Last night, I submitted my first ever complete work, my novelette Abuse of Power, for publication. Awash in the glow of accomplishment, I reflected a bit on how my world came to be.
The year was 1996 (In my mind, I’m sounding like the narrator on How I Met Your Mother. Well, kids…). Heavily into Wheel of Time and still thinking Sword of Truth good, I decided, “I’m going to write an epic fantasy series.” Having no experience writing, I started doing two things: reading books about writing and creating the characters and plot.
At the time, it seemed logical to base the four protagonists on me and best friends. Since then, I’ve learned a few things.
- Though all characters have a part of me in them, it’s a bad idea to base any of them completely on me.
- It’s a beyond horrible idea to base characters on your friends. You need them to a) have flaws that may make your friends uncomfortable and b) conform to the dictates of the story.
Thankfully, though certain archetypical features remain, the characters eventually took on a life of their own. Take the primary protagonist, Xan. You can see how he might be compared to me as someone who was something of a nerd and shy toward girls in my youth, but who would have referred to me as an arrogant know-it-all? Oh, wait…
With the first four characters established, I worked on my magic system. I had six mage types: one for each of the four elements (I know. Original, right?), a life mage, and a death mage. I decided that, not counting the primary character, I needed one of each type of mage. Over the years, I drew upon more friends to fill the additional three roles.
Eventually, I completely changed the magic system, and those three characters came to fill much more important roles – the girl Xan wants, the girl Xan should want, and a foil to Xan’s leadership.

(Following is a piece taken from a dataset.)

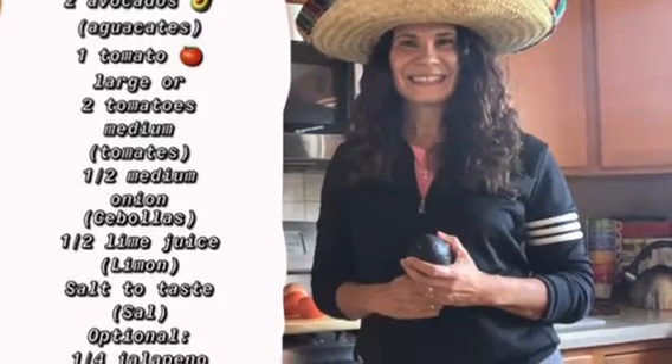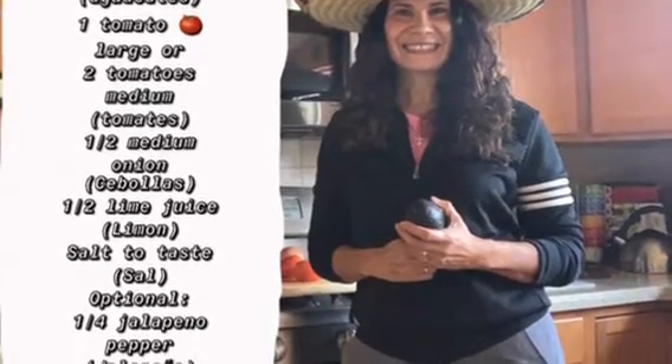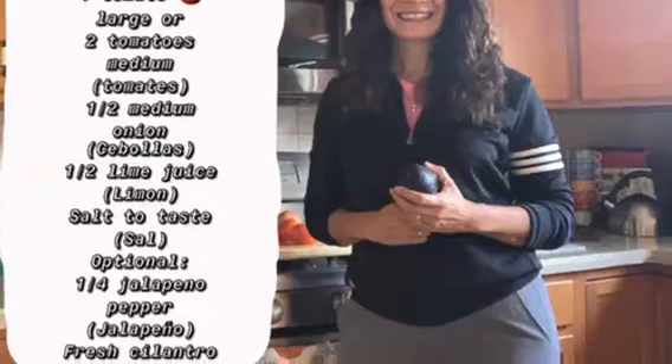You will need one, two, or three ripe avocados — it depends on how large they are. And with the help of an adult, you can cut the avocado and make sure to scoop all of it out with a spoon before mashing it with a fork.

While the plot and the characters came easily to me, the names did not. The first one I came up with, and I’m still not sure where it came from, was the duke, August Asher. The girl that Xan desires is the duke’s daughter, and her name came to me pretty easily as well – Ashley Asher.

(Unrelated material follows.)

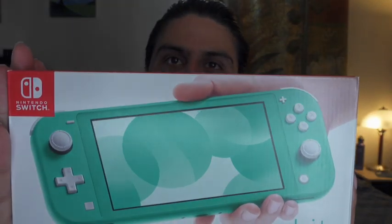But without further ado, let's crack this puppy open. First, let's take a look at the box. That's a nice box.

It’s hard to not note the double alliteration, and I thought to myself, “There’s got to be a story to it.” I can see August finding his name too cutesy. Why, then, would he pass that along to his daughter? Thus, Abuse of Power, the story of how Ashley’s mother and father met, was born.
For the other names, I finally settled on using meanings to determine them. Xan, short for Alexander, means defender of mankind. Lainey, at the time a fire mage, means torch. Dylan, who was to be a water mage, means great sea. Brant, my soldier/adventurer type, means sword. Tasia, who was to be my life mage, is short for Anastasia meaning resurrection. Lucan, I just liked the sound of. By the time I changed my system, it was too late to change the names; that’s how I thought of the characters.

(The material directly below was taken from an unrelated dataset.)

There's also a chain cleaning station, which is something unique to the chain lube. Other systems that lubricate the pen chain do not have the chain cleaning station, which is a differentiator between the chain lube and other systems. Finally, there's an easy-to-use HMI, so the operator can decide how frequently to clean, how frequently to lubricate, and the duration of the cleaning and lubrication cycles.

I like what Abuse added to the world. With my style of writing, I don’t want to give you backstory that doesn’t directly impact what’s immediately happening. Short stories really flesh out the stuff I’m not telling you. For example, two of the characters in the novelette appear in minor roles in the novel. Were it not for Abuse, you’d barely notice them in Power. Instead, if you’ve read both, you’re going to be more interested in what they’re up to almost twenty years later.
I have some plans to further use short stories for this purpose. I think that a pair of related stories, one showing the nobles’ POV about how the Wizard’s War came to be and another from the mages’ side, would be interesting. I’d hope that I could, with the first story, make the reader believe that the nobles are completely correct in their actions and turn that thinking on its head with the second. I’d also like to write something that doesn’t show the catcher as the bad guy. They do, from one perspective, serve a purpose and not all of them are corrupted by the power. Finally, I think the war itself is a good subject for at least a novella, and it would feature the only character shown in Power who was alive at the time.
Before I can start any of those projects, I’ve got to get further along on my primary objective. As of today, November 1, 2012, I have exactly seven months to: finish my second draft, completely do my third and fourth drafts, send Power of the Mages to an editor, and make final revisions. Wish me luck; I’m going to need it!
I also need to figure out how to do a complete story arc in about 5000 words. I simply don’t have time to write 10-12k for each of the three shorts.
So little to do, so much time. Wait. Stop. Reverse that.